T I C K Y   T A C K Y
Pronunciation: /ˈtɪkɪˌtaki : of an uninspired or monotonous sameness


Think Space Money: Environment competition 2014
with Ana Filipovic
selected entry




...And the people in the houses
All went to the university,
Where they were put in boxes
And they came out all the same,
And there’s doctors and lawyers,
And business executives,
And they’re all made out of ticky tacky
And they all look just the same.


Marina Reynolds, Little boxes, 1960.


Ticky tacky foresees programatic subtraction of office towers and restructuring of the working processes made possible by developing mobile, wireless technologies. Ticky tacky is a critique of social and economic factors that shaped the capitalist city, thus pursuing the creation of new enviroments where the company ceases to be the principal community of the worker, alowing less homogenious scenarios to occure.
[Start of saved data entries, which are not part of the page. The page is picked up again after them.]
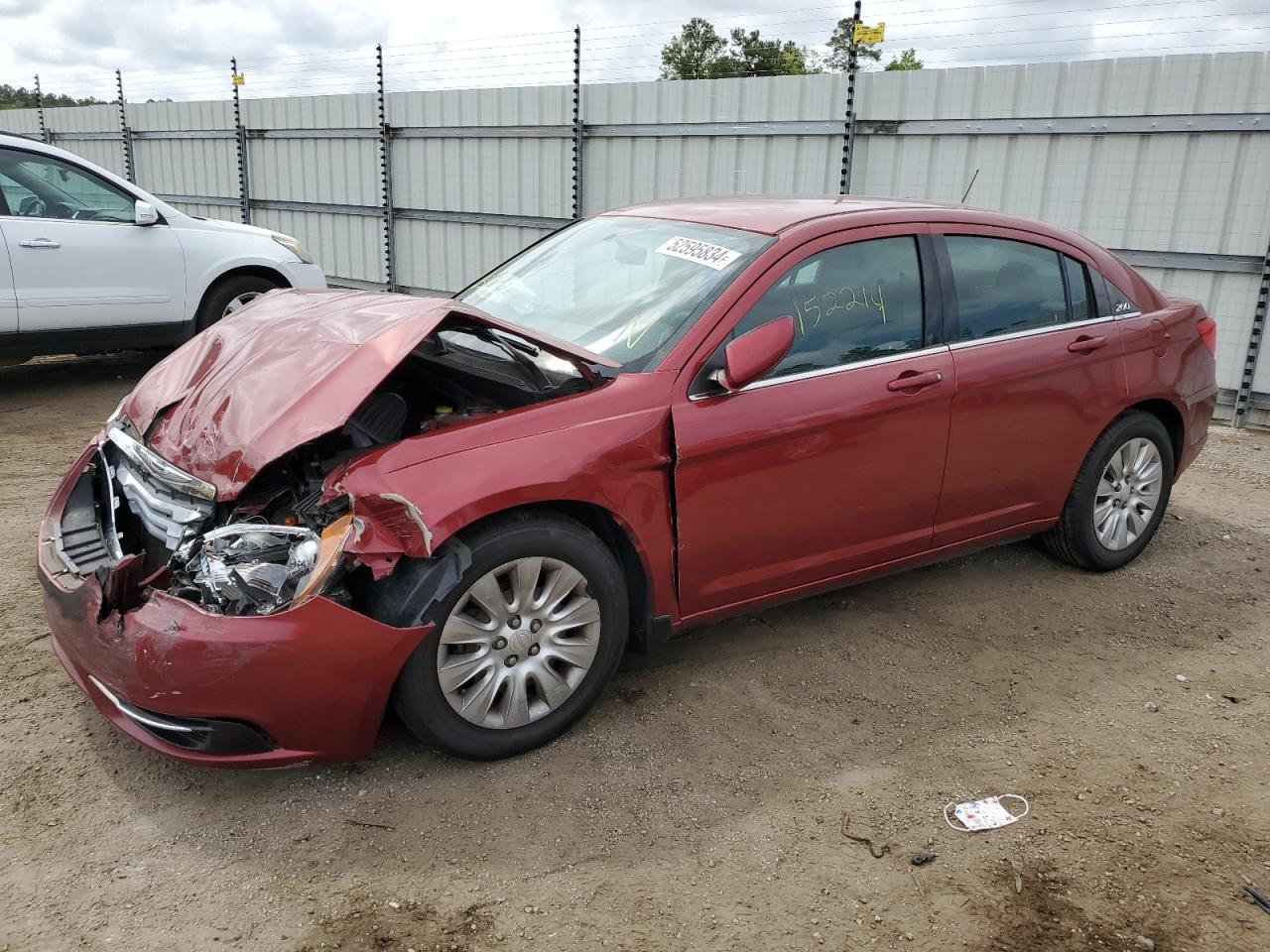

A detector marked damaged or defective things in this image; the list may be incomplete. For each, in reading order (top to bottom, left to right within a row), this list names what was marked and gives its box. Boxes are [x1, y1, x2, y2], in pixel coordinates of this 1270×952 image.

exposed headlight assembly [269, 237, 314, 266]
damaged front bumper [38, 444, 432, 772]
broken headlight [182, 515, 350, 619]
exposed headlight assembly [184, 515, 352, 619]
crumpled hood [119, 289, 614, 500]
damaged red car [35, 195, 1213, 767]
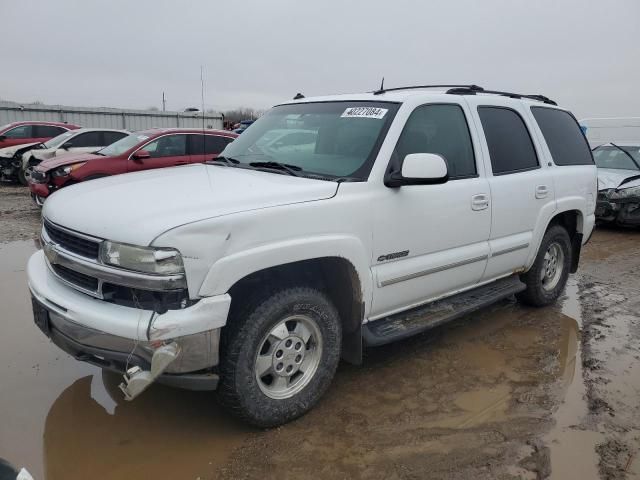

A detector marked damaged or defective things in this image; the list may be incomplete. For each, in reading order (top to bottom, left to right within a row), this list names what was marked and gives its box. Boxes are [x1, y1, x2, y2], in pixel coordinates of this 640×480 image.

damaged grey car [592, 142, 640, 226]
damaged front bumper [28, 249, 232, 396]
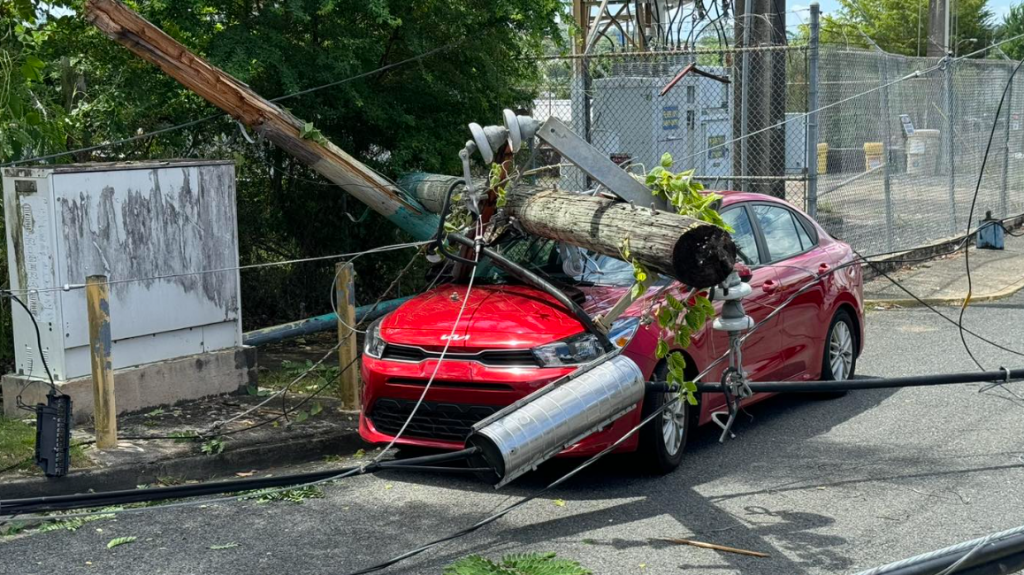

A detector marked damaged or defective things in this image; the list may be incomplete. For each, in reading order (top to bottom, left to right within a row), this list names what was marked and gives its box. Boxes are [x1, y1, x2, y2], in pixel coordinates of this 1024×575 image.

rusted metal box [2, 159, 241, 380]
broken wooden pole [86, 0, 438, 239]
crushed red sedan [360, 191, 864, 470]
broken wooden pole [505, 189, 737, 286]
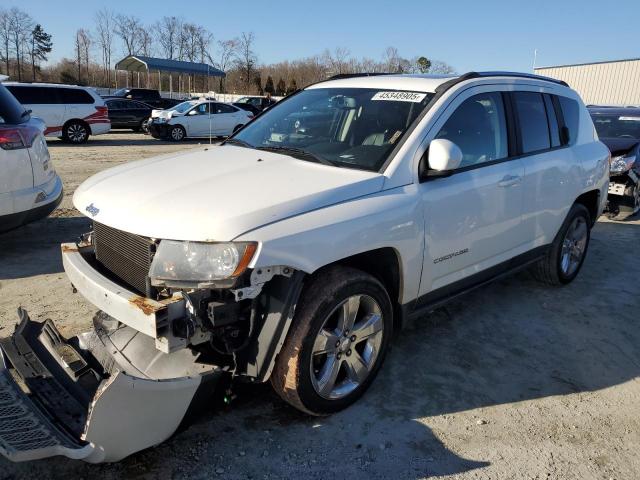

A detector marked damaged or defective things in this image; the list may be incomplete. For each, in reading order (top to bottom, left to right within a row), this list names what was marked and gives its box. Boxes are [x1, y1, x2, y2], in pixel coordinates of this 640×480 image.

exposed headlight [608, 155, 636, 173]
exposed headlight [150, 242, 258, 286]
crumpled bumper cover [0, 310, 225, 464]
detached front bumper [0, 310, 225, 464]
damaged front end [0, 229, 302, 462]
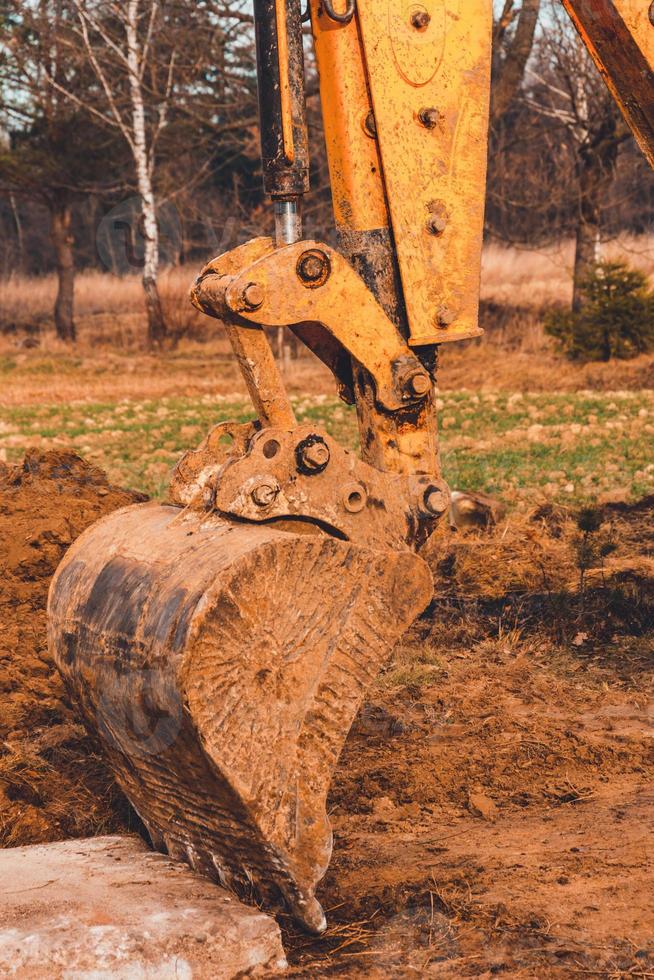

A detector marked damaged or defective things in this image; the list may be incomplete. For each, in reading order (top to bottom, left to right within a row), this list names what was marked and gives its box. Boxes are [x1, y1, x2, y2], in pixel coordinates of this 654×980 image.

rusty bucket surface [47, 502, 436, 932]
Changing the spatial setting is considered an accelerator towards social and economical transformation.

Capitalism has marked the last century as a dominant economical system, overruling all others. Money and power driven, it has its spatial embodiment in an efficient, standardized office space, and with the office tower as its ultimate spatial icon.

Office tower consists of : work spaces varying from cubicle, individual office, team space, open office and touchdown ; meeting rooms such as meeting point, meeting room, and conference; support spaces (archive, storage, print and copy, mail, pantry). These spaces have been grouped for the past century to enhance communication and collaboration, but also hierarchy and control.
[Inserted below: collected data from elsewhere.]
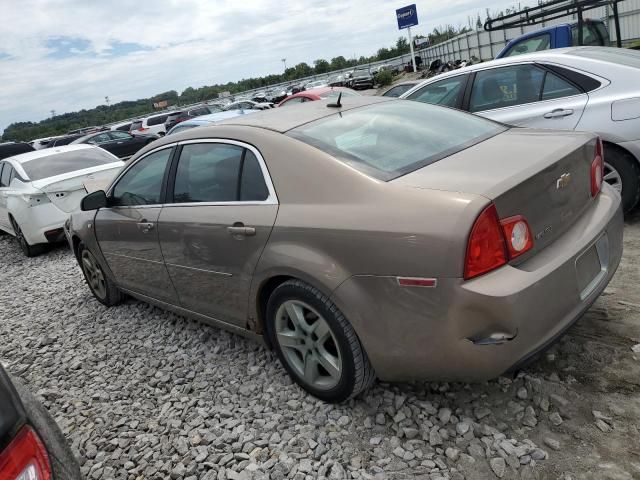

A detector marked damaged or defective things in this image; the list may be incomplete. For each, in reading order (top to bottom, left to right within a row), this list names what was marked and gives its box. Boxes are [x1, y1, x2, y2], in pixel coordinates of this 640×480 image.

white car with damaged hood [0, 144, 124, 256]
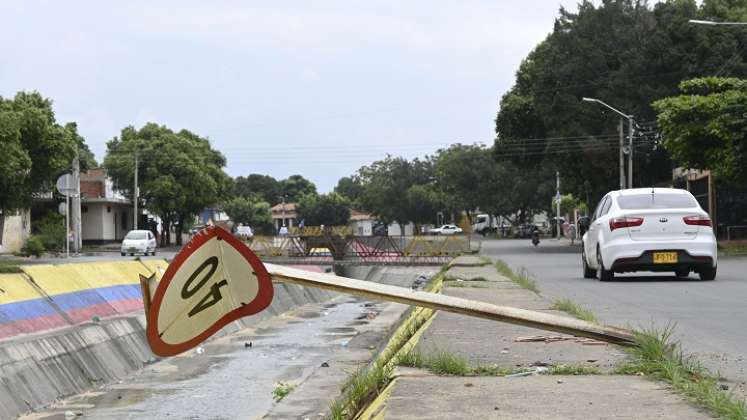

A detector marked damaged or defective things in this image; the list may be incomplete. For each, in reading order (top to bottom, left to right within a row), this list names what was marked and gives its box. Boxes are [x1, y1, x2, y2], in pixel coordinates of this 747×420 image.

bent metal pole [266, 264, 636, 346]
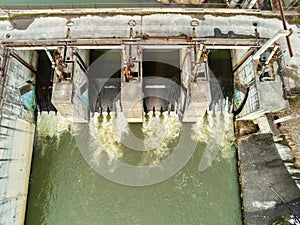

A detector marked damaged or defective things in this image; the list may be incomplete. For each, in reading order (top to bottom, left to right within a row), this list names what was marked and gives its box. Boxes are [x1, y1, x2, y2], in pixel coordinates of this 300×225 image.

rusted steel beam [9, 49, 37, 73]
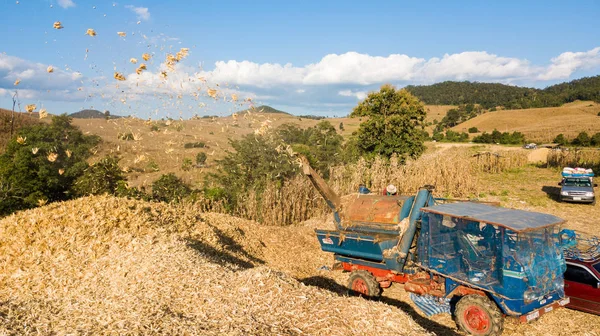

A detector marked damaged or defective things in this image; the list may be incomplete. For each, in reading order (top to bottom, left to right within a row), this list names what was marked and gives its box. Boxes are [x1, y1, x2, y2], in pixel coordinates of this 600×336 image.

rusty brown metal surface [344, 196, 406, 224]
rusty metal panel [342, 196, 408, 224]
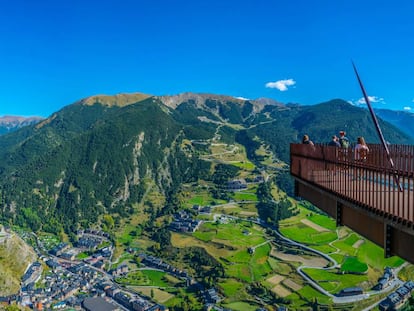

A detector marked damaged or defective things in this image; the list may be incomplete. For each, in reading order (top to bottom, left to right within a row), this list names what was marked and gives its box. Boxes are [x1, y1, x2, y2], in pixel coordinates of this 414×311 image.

rusted steel platform [290, 144, 414, 264]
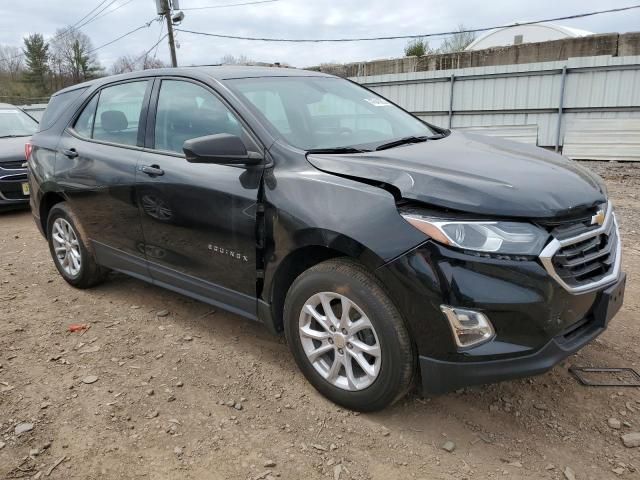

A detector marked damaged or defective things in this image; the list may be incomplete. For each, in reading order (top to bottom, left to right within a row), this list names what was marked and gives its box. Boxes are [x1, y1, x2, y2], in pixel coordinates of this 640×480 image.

front hood damage [308, 132, 608, 220]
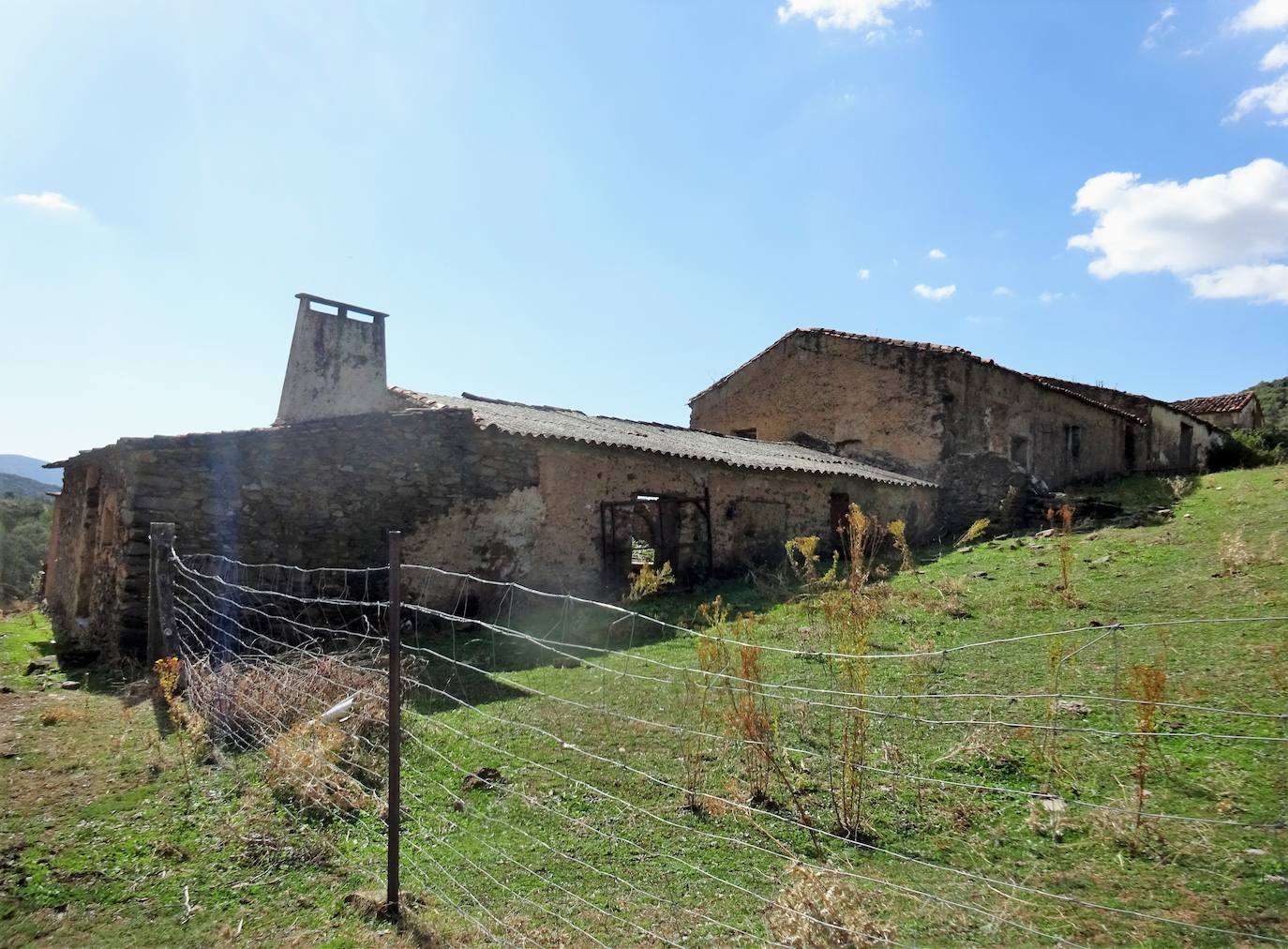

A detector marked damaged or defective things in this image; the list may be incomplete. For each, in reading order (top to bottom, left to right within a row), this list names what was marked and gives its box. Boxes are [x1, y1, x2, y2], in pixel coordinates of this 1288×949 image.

rusty fence post [148, 522, 178, 664]
rusty fence post [383, 530, 398, 916]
By-products of such spatial organization became sameness, monotony, repetition, lack of personalization, isolation and alienation, strict colourless dressing codes, claustrophobia and depresssion.


These spatial organization reflects the overall dynamics of the metropolis, causing congestion, and therefore traffic intensification and pollution. The automation of office activities, the shift to home offices, off-shoring, and the uncoupling of office work from office space by means of mobile, wireless equipment will tremendously reduce the need for the space of classical office complexes.1

Most of the office work done these days would not be possible without the server. Same goes for mobile technologies. Subtracting the infrastructure could provide new grounds for working spaces.
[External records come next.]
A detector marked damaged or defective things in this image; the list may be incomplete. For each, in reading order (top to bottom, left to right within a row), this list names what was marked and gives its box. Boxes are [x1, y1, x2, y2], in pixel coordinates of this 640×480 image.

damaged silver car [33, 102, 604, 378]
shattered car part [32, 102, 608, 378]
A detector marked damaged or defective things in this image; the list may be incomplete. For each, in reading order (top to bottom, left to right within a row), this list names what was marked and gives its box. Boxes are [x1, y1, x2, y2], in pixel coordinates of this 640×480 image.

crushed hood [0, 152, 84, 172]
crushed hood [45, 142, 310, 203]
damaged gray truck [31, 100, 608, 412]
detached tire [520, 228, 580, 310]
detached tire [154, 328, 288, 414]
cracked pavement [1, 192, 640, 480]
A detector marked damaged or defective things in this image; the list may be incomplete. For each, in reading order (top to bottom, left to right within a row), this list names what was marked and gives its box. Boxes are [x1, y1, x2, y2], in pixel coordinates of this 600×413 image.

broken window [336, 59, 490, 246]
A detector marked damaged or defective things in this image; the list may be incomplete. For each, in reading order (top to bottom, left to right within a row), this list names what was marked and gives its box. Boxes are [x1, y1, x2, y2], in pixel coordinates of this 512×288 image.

As the work extends into our private sphere via smartphones, our personal life does not affect the working enviroment. In the times when new labour agreement in France bans employers to communicate work related topis with the employees after working hours through mobile technologies, subtracting the sameness could bring back heterogenity to our everyday lives.

Over the course of the past 20 years, the Internet significally changed the sphere of our private life and personal relations, yet the working space remained the same. Development of mobile technologies has made it possible to transfer the need for proximity into virtual space. Could it be possible to bring back proximity and variety into the spaces of office workers? Ticky tacky proposes a network of independant support spaces that are scattered around the city and beyond, enabling the worker to personalize his working space, choose the physcial distance from his family and friends, move work with him and never again take the long ride to work.